Habe in der Registry existiert immerhin der Pfad bis SOFTWARE\Lotus\, deswegen dachte ich Fuchs mir, erstellste einfach mal per Hand den Rest, habe dann also darin noch die Schlüssel Notes und 5.0 erstellt.
Nach erneutem ausführen sagt er nun, dass in oben genanntem der Eintrag "Path" fehlt. Also den auch kurzerhand angelegt und einmal mit dem Wert "C:\Lotus" und danach mit "C:\NotesSQL\" gefüllt.
Beides mal erscheint beim Versuch auf die ODBC-Verbidnung zu zugreifen die Meldung ODBC-Aufruf fehlgeschlagen. Das war der Punkt, wo ich dachte, komm, fragste mal die schlauen Leute bei <hier Internet-Forum eintragen> ...nein, natürlich nur bei tutorials.de ;-)
Also freue ich mich jetzt auf eure Hilfe gerne gebe ich noch wietere Auskünfte...über Netzstruktur oder was auch immer.

grüße
Carsten


----------



## Bernd1984 (11. Dezember 2008)

Hallo cheeZy,

auf was für einen Server die DB liegt ist egal.

Der Fehlermeldung nach würde ich sagen du solltest Lotus Notes installieren, denn die Reg-Einträge werden bei dieser Installation angelegt.


----------



## cheeZy (11. Dezember 2008)

Ja, okay, zum Testen sollte das erstmal reichen.
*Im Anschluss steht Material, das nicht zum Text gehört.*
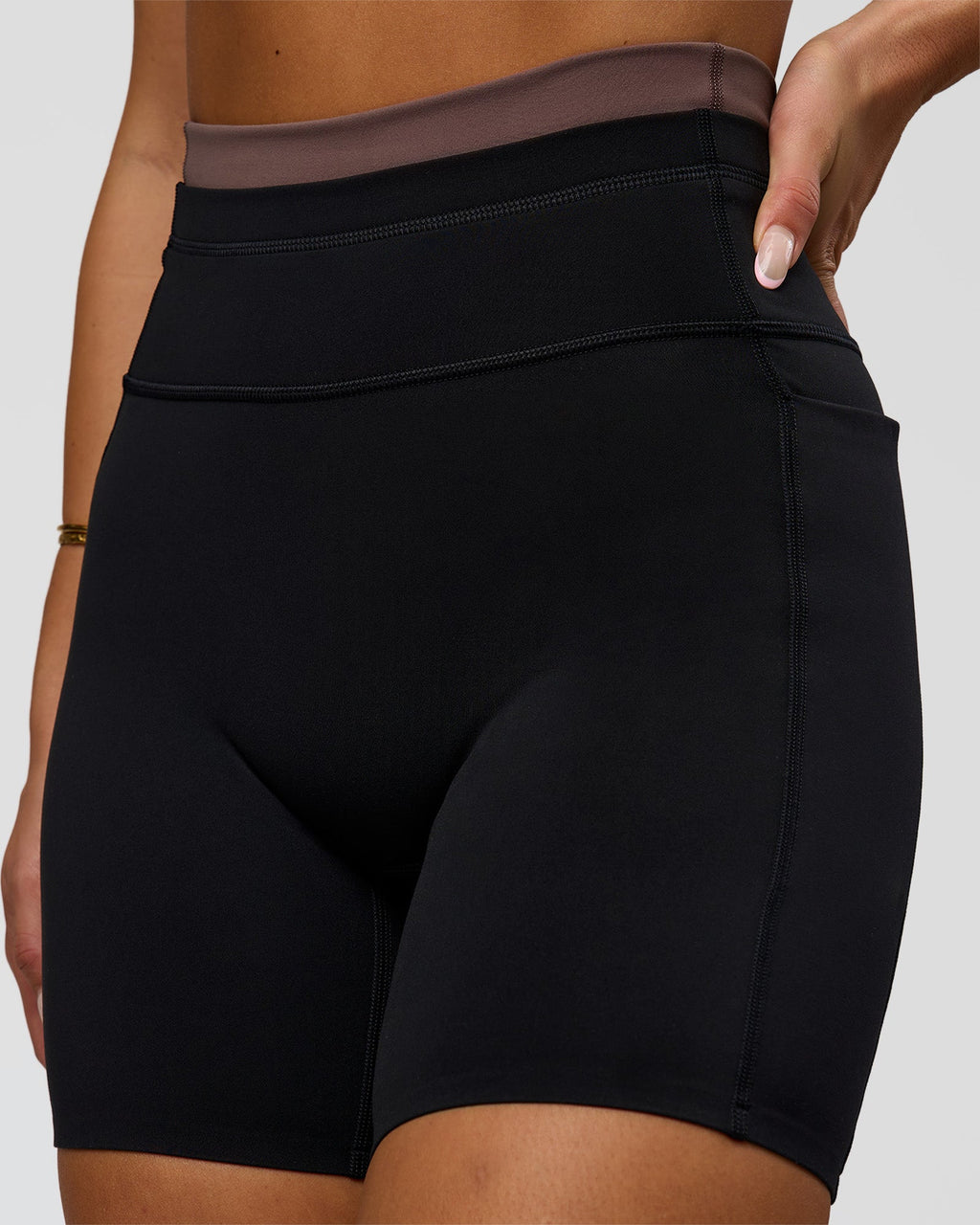 Liberate High-Rise 6" Short Pockets - Black-Cocoa Powder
Ich hatte es bisher nciht installiert, weil wir in unserem Unternehmen Citrix verwenden und ich jedes Mal darüber Lotus Notes starte. Unter Citrix ist aber der ODBC-Treiber von Notes nciht installiert aber für den Test reicht es ja erstmal Lokal.
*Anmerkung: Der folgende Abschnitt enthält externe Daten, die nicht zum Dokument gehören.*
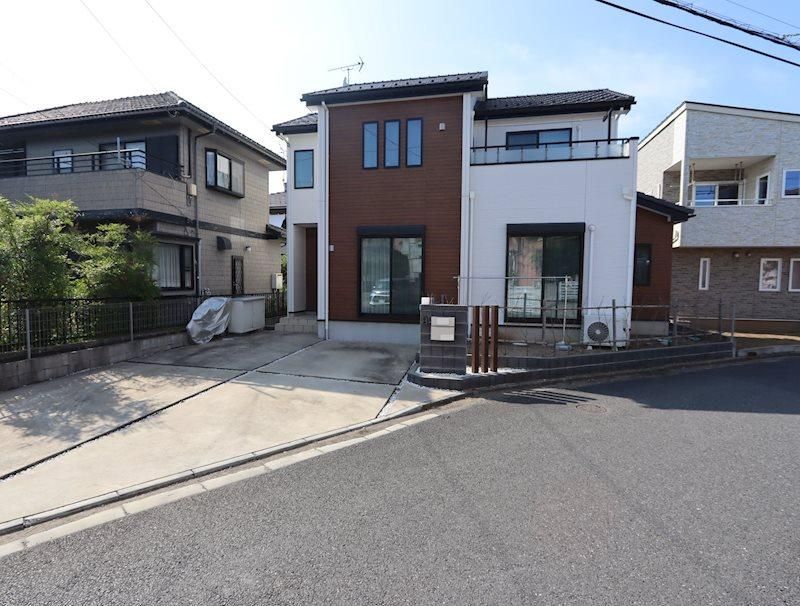Modern 4LDK Detached House in Toride, Ibaraki - 106.82 sqm - Thumbnail 2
So, habe jetzt Lotus Notes auf meinem Notebook installiert und folgendes Problem, wovon ich auch schon iwo im Internet gelesen hab: Wir benutzen Version 7 von Notes, also habe ich in der Registry SOFTWARE\Lotus\Notes\7.0 und nciht 5.0 bzw. 4.0.

Deswegen erscheint die gleiche Fehlermeldung...was tun? Notes downgraden hört sich schlecht an


----------



## Bernd1984 (11. Dezember 2008)

Hallo cheeZy,

hast du evtl. einen alten ODBC-Treiber?

Schau mal hier:


> System requirements
> 
> To use Notes data through ODBC, you must have:
> 
> ...


http://www.ibm.com/developerworks/lotus/products/notesdomino/notessql/


----------



## cheeZy (12. Dezember 2008)

Ha, genau das hab ich mir auch gedacht, deswegen n neuen runtergeladen, hab jetzt den NotesSQL 8 und ein neues Problem:
Die Setup-Routinen für den Lotus NotesSQL Driver (*.nsf) ODBC-Treiber konnten nicht geladen werden. Systemfehlercode: 126.

Hab herausgefunden, dass es mit der PATH-Variable von Windows wohl zusammenhängt, glaueb ich.....habe aber nun nicht herausfinden können, inwiefern genau und wie ich den Fehler behebe.

EDIT:
Okay, habs gefunden (Systemsteuerung > System > Erweitert > Umgebungsvariablen > Unter Systemvariablen PATH-Variable bearbeiten)

Habe die derzeitige Variable:
C:\Programme\Seagate Software\NOTES\;C:\Programme\Seagate Software\NOTES\DATA\;D:\oracle\ora92\jre\1.4.2\bin\client;D:\oracle\ora92\jre\1.4.2\bin;D:\oracle\ora92\bin;C:\Programme\Oracle\jre\1.3.1\bin;C:\Programme\Oracle\jre\1.1.8\bin;%SystemRoot%\system32;%SystemRoot%;%SystemRoot%\System32\Wbem;"C:\Programme\Symantec\Norton Ghost 2003\";C:\Programme\Utimaco\SafeGuard Easy\
um folgendes erweitert: ;C:\lotus\;C:\NotesSQL\

melde mich gleich mit Ergebnissen

EDIT 2:
Okay, bekomme immer noch beim Versuch eine ODBC-Verbindung anzulegen die Fehlermeldungen:
Die Setup-Routinen für den Lotus NotesSQL Driver (*.nsf) ODBC-Treiber konnten nicht geladen werden. Systemfehlercode: 126.
und:
Die Setup- oder Konvertierungsbibliothek konnte nicht geladen werden
wobei Letztere wahrscheinlich nur ein Folgefehler ist.


----------



## cheeZy (12. Dezember 2008)

Okay, habs hinbekommen, musste anstatt ne System- ne Datei-DSN machen.
Dank dir Bernd!


----------